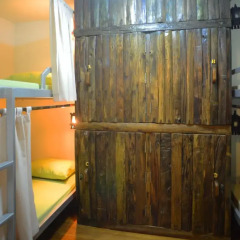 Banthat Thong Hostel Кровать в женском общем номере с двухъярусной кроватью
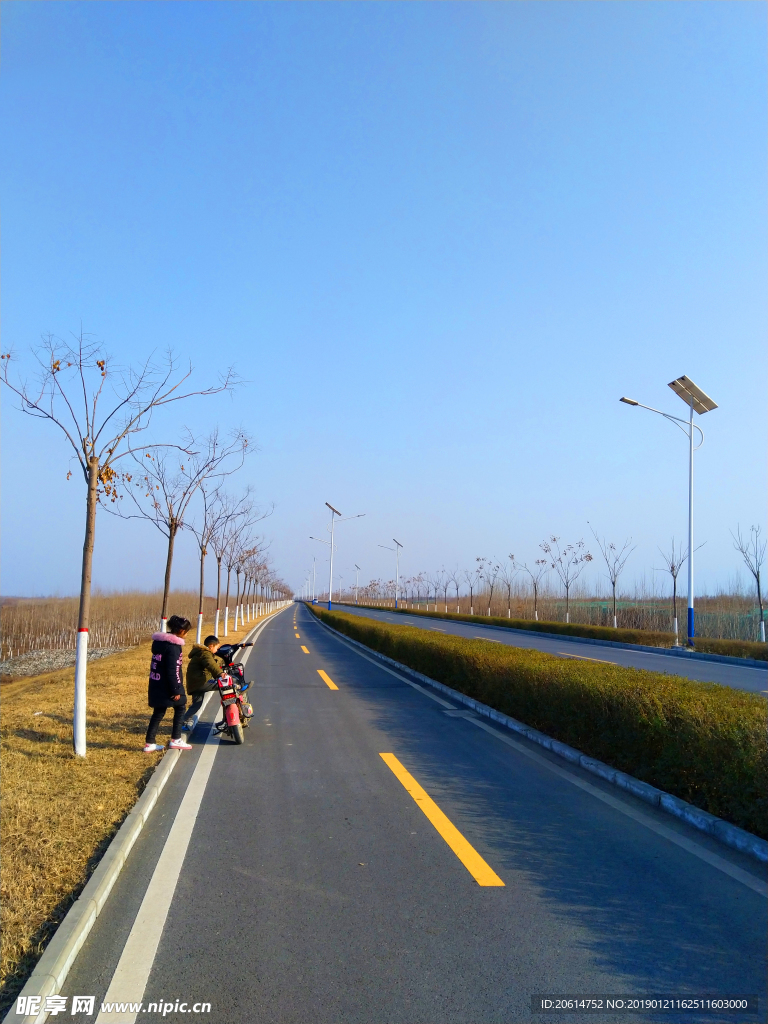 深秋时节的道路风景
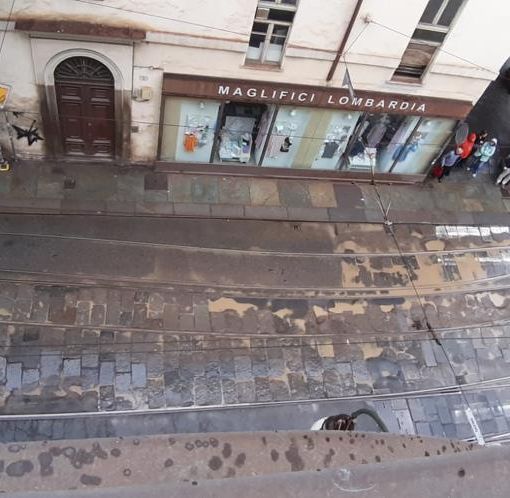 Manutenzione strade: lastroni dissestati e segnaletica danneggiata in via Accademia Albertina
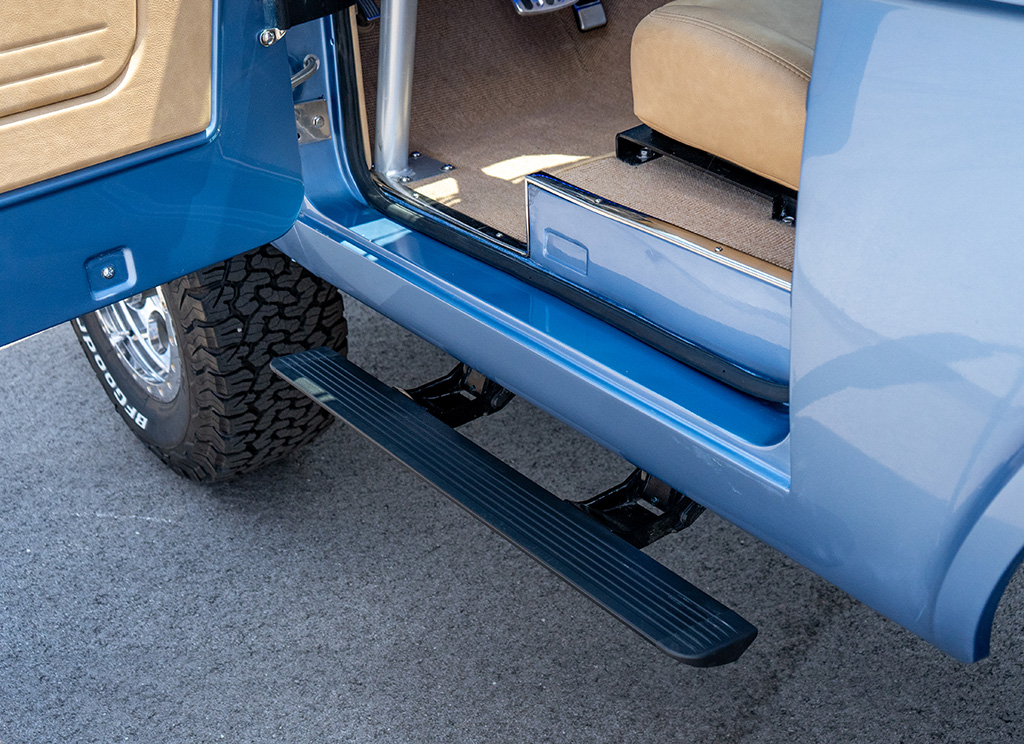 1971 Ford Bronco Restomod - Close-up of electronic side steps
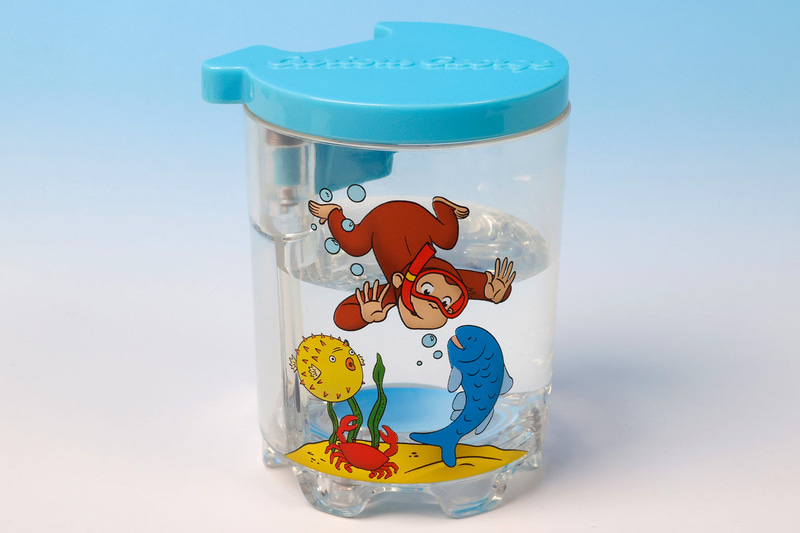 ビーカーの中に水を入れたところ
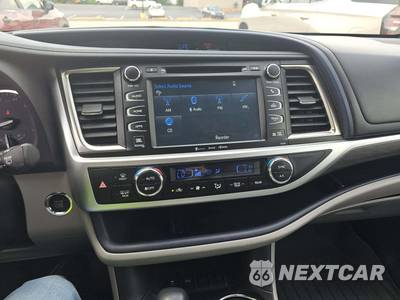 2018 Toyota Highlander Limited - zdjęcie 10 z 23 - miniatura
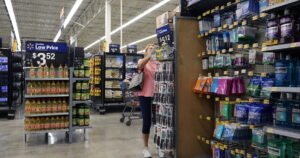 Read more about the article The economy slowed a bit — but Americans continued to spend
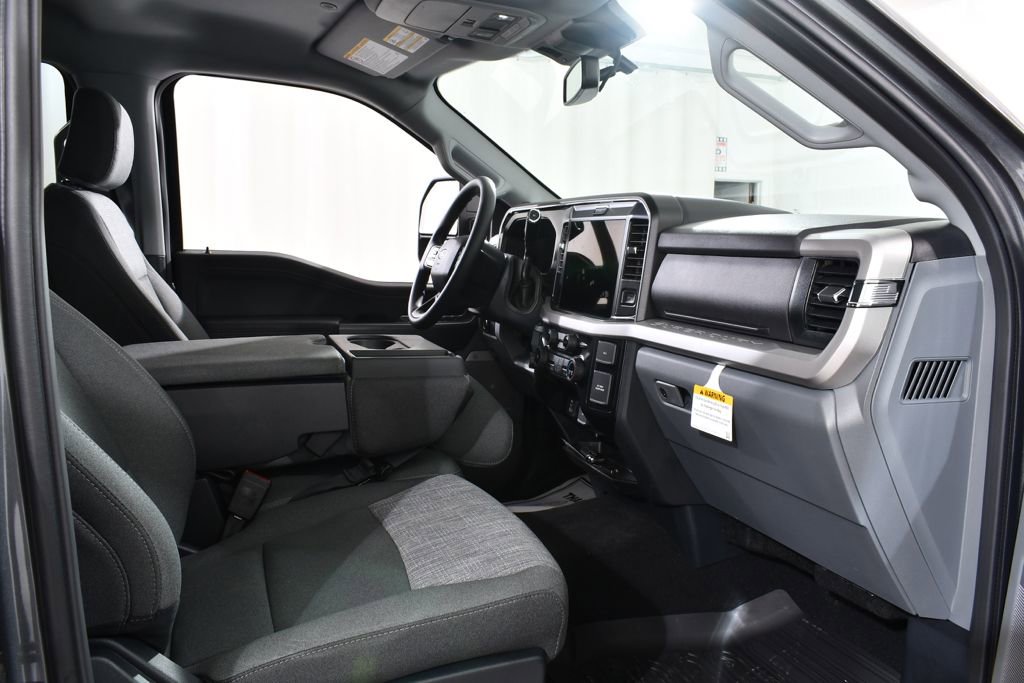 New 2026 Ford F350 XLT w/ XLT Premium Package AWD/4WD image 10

....

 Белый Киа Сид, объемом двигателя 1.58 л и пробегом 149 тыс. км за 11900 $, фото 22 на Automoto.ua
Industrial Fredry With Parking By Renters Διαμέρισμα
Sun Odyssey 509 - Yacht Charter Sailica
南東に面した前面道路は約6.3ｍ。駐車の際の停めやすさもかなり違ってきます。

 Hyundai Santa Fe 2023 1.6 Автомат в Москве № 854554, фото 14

....

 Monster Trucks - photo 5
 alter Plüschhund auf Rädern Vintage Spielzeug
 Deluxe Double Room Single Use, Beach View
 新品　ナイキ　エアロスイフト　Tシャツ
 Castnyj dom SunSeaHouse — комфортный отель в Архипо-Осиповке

....

Using the material above, transcribe exactly the lines from the line with "南東に面した前面道路は約6.3ｍ。駐車の際の停めやすさもかなり違ってきます。" to the line with "Hyundai Santa Fe"; both count, and nothing else goes in.

南東に面した前面道路は約6.3ｍ。駐車の際の停めやすさもかなり違ってきます。

 Hyundai Santa Fe 2023 1.6 Автомат в Москве № 854554, фото 14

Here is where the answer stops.